Wednesday, July 09, 2014
Please Don't Feed the Platypus
Errol Flynn. The epigraph is three Bible verses about being wicked! So right away you know you're in for a good time. Ace is way ahead of the rest of us on this one. Yesterday he tweeted that Errol Flynn is running a coconut farm - is that what he tweeted? - in the section Ace is reading now. As Ace said would happen, a young Errol Flynn accidentally kills two platypuses by feeding them tadpoles! They are supposed to only eat worms! That's what Errol Flynn says. And his dad is a famous biologist, so I believe him. Poor Flynn gets shipped off to boarding school. "The assistant headmaster was a wonderful old gentleman aged about sixty, with the picturesque name of Sir Worthbottom Smith, a down-at-heels English aristocrat, a man with a withered arm..." But Flynn gets shuffled from school to school, always stirring up a ruckus.
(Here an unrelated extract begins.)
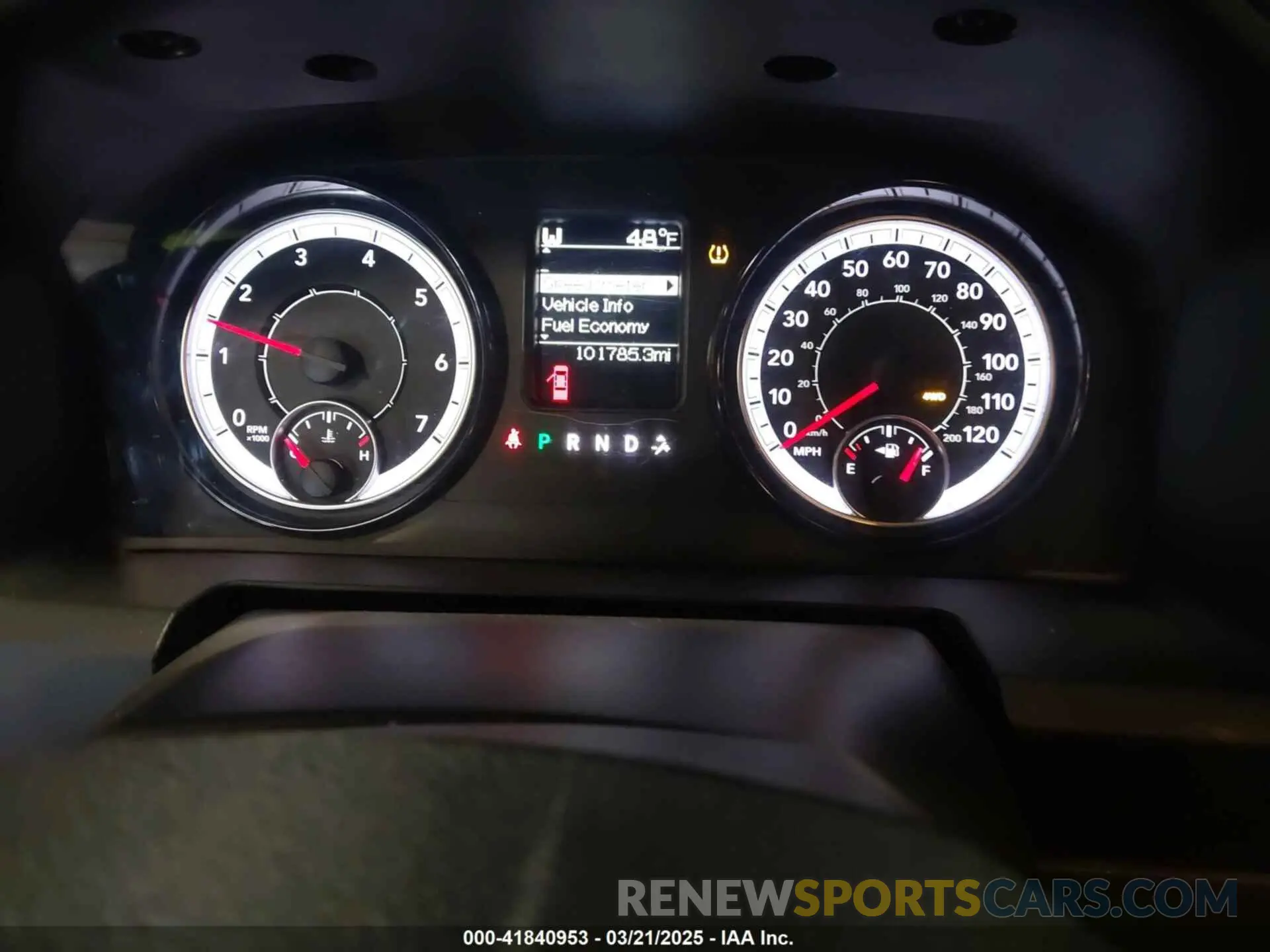 7 fotografías del automóvil dañado 1C6RR7TTXLS101249 RAM 1500 CLASSIC 2020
Now he's in trouble for sneaking out of the window at night so he can canoodle with Elsie, the maid. Before such tales of youth there's a prologue that takes place during the ruination of Errol Flynn's career. It promises much getting drunk on yachts, like the Richard Burton diaries and the Johnny Carson biography before it. Flynn learns that he is completely broke: "I went to '21' that day for lunch... when you are down and out, go to the best spots." A friend shows up and Flynn insists on buying lunch: "When flat, put on the old front - you know." Yes, Errol Flynn! I do know! "I started with a couple of Jack Roses beforehand. I worked up in my usual style to grouse freshly flown from Scotland..." Errol Flynn!